Understanding this youthful generation’s views on finances is integral for any brand that provides Fintech software or apps. Before delving into the details, let’s begin by clarifying who exactly is Gen Z.
Defining Generation Z
While there is some argument on dates, this generation generally includes those born between 1995 and 2015.
Where do they bank? It probably comes as no surprise that the generation that grew up with the internet are mobile-first bankers. A whopping 70% of Gen Z checks their bank balance on their phones every day. However, something you might find surprising is that they are also the largest users of branches, with a particular fondness for locations offering free drinks or snacks.
Furthermore, Gen Z has a strong affinity for saving. Over two-thirds believe saving early and often is key to monetary success. Impressively, over a third already have £1,000 in savings.
How do they buy? The data shows this group is increasingly cost-conscious, with price being the number one consideration when shopping.
In a recent couponing survey, almost all Gen Z respondents said that they search for coupons before making a purchase. Services like Honey are automating this process with an online browser plugin for user convenience.
This generation is also much more likely to use a digital wallet and popular Peer-2-Peer payment services, such as Venmo and Zelle. Other Fintech software and apps providers must also step up to meet Gen Z needs if they want to be successful in the long run.
What does This Mean for Traditional Providers?
For traditional financial service providers, these characteristics are problematic. It’s not just because of weaker mobile apps and closing branches, either.
There is a larger problem related to traditional offerings. Typically, conventional banking products have low savings rates and high overdraft charges that are unlikely to be attractive to the younger segment.
This begs the question: How do you create Fintech apps and software that appeals to Generation Z?
4 Essentials of a Product for Gen Z?
Learning the finance basics isn’t easy for most people. From budgeting to savings, there are a lot of concepts to grasp, not to mention the abbreviations and variety of product options, including ETFs, ESGs, and ISAs.
The services that work the best are those that cut through this complexity to deliver the consumer their desired outcomes. A great example from a few years back was the Level Money app (unfortunately no longer available).
This app asked the user three simple questions to onboard them. That followed with a clear representation of what this individual could spend today, this week, and this month to hit their savings goals.

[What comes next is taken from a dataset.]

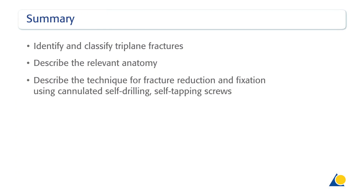You should now be able to identify and classify triplane fractures, describe the relevant anatomy, and describe the technique for fracture reduction and fixation using cannulated, self-drilling, self-tapping screws.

Personalization of Fintech Software
Big Data and Artificial Intelligence create a range of opportunities for attracting new customers. They seamlessly create hyper-personalized insights for GenZ customers to achieve their goals. The agility of new market entrants is radically outpacing the progress of large banks, with 94% of large banking firms failing to deliver on personalization.
A recent UK study found that 9 out of 10 people felt undereducated in financial matters. While financial literacy has long been the responsibility of parents, several FinTech companies are helping educate users to help fill the knowledge gap. In addition to the altruistic benefits, providing education builds trust with customers and encourages them to use your service over a competitor.
Leaders in this space include the pension aggregator, PensionsBee, and neobanks, such as Monzo and Starling. Robo-advisors, including Betterment and Wealthfront, also effectively help customers understand their products and investing as a whole.
Fintech Software must Connect with Relevant Lifestyle brands
Another approach getting a lot of attention lately is the partnerships between financial services brands and consumer lifestyle brands. In 2019, for example, the global investment firm Goldman Sachs teamed up with Apple to launch the Apple Credit card.
At the time of writing, it was the most successful credit card launch ever. You can find more big stories of 2019 here.
As another example, Mox, a new challenger bank from Standard Chartered, partners with PCCW, HKT, and Trip.com to offer a range of telecom, entertainment and travel experiences.
These partnerships can offer users fun options, but their benefits go far beyond that. The collaborations can also reduce administrative work, as services like Emma demonstrate well by helping users avoid unwanted subscriptions. Meanwhile Flux provides extra value for its users with receipt matching.
Looking ahead, one thing is certain. Financial services will continue to evolve.
As new generations with different priorities emerge, the race will be on for Fintech software and apps providers to create products and services that meet users’ changing needs. Understanding how to do so effectively for Generation Z and other segments of the population is crucial for the success of any business.